*** Opening of Given records ***

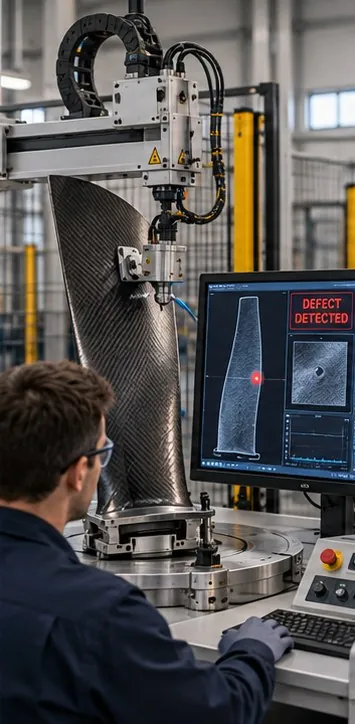An engineer at a workstation beside a blade, with a defect-detected view on the monitor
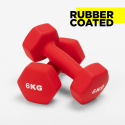 Set van 2 x 6 kg dumbbells van vinyl Megara Verkoop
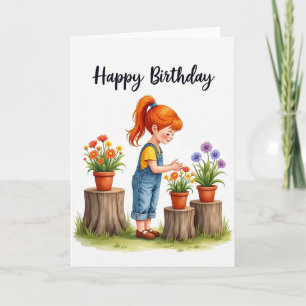 Carte de fleurs en pot pour un joyeux anniversaire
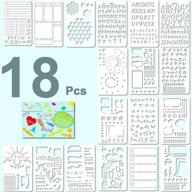 18-piece letter and number stencils set for planners, journals, and 🔠 scrapbooking - alphabet stencils for lettering, bullet journaling accessories and diy scrapbook supplies logo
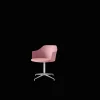 &Tradition Rely HW39 Spisebordsstol Med Armlán Swivel Polstret Sáde Soft Pink/Aluminium/Vidar 0622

*** Close of Given records ***

- To do -
Pictures stay out, but every record above is to be returned exactly.

- Result of the exercise -
An engineer at a workstation beside a blade, with a defect-detected view on the monitor
 Set van 2 x 6 kg dumbbells van vinyl Megara Verkoop
 Carte de fleurs en pot pour un joyeux anniversaire
 18-piece letter and number stencils set for planners, journals, and 🔠 scrapbooking - alphabet stencils for lettering, bullet journaling accessories and diy scrapbook supplies logo
 &Tradition Rely HW39 Spisebordsstol Med Armlán Swivel Polstret Sáde Soft Pink/Aluminium/Vidar 0622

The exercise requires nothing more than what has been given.